_Data section_
=== Section Start ===

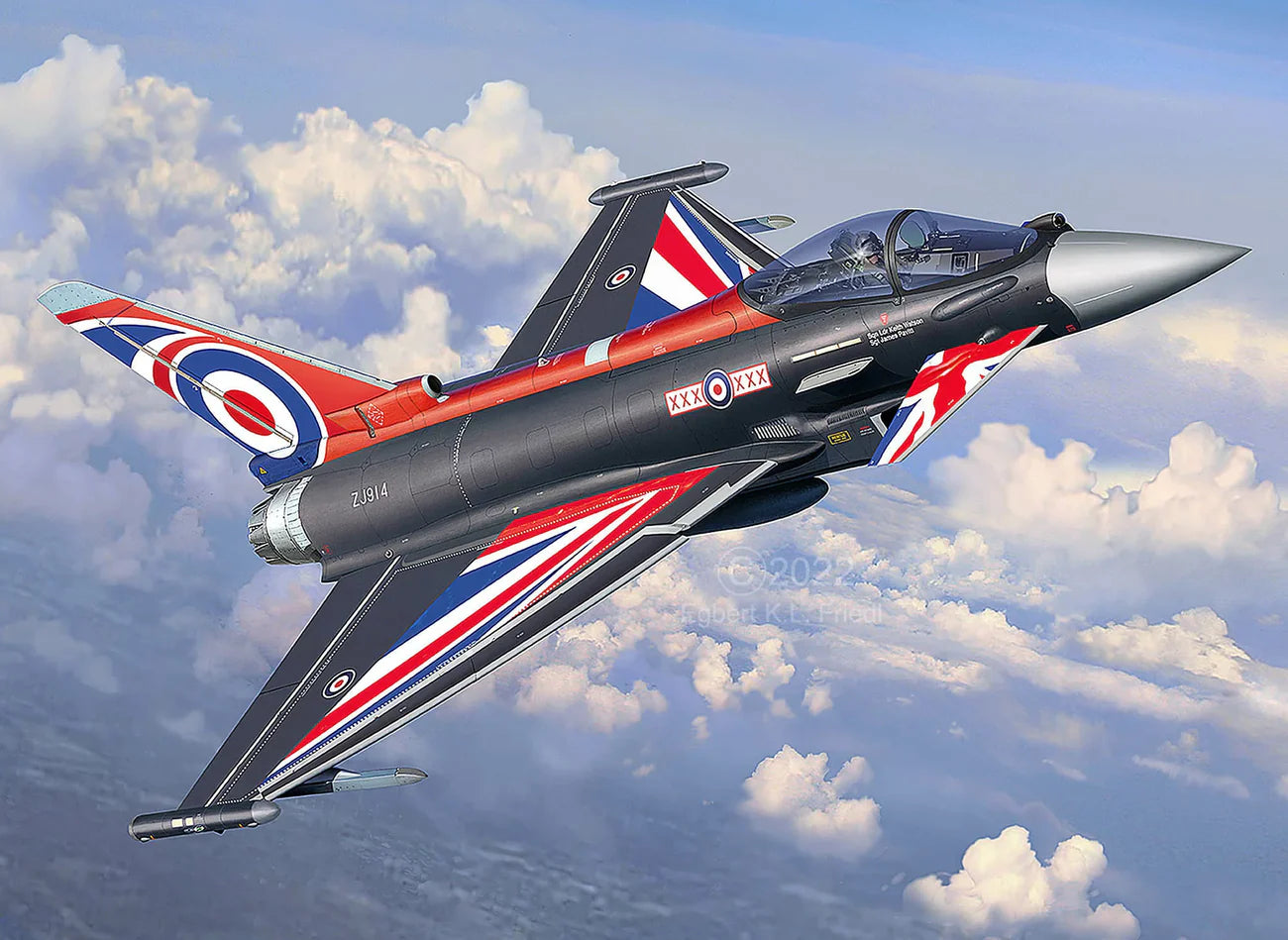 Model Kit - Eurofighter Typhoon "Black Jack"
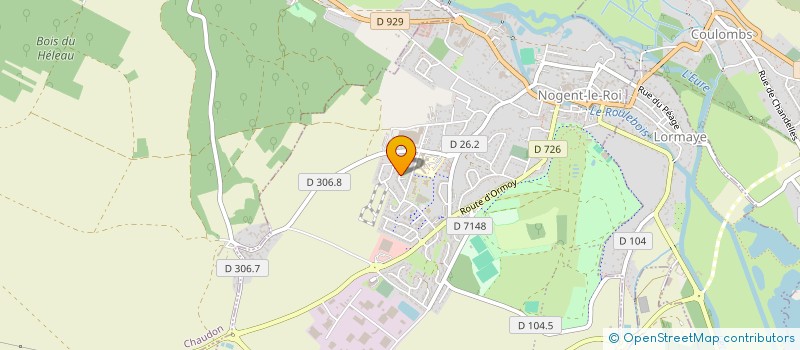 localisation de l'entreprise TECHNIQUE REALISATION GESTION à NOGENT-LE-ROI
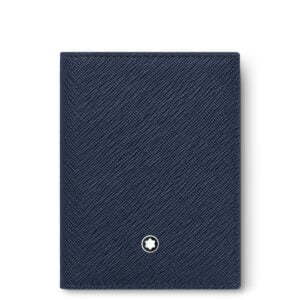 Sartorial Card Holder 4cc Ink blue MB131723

=== Section End ===

_Brief_
An exact transcription is requested of each line from the one that holds "localisation de l'entreprise" to the end of the listing above, both boundary lines included; pictures are to be omitted.

_Your solution_
 localisation de l'entreprise TECHNIQUE REALISATION GESTION à NOGENT-LE-ROI
 Sartorial Card Holder 4cc Ink blue MB131723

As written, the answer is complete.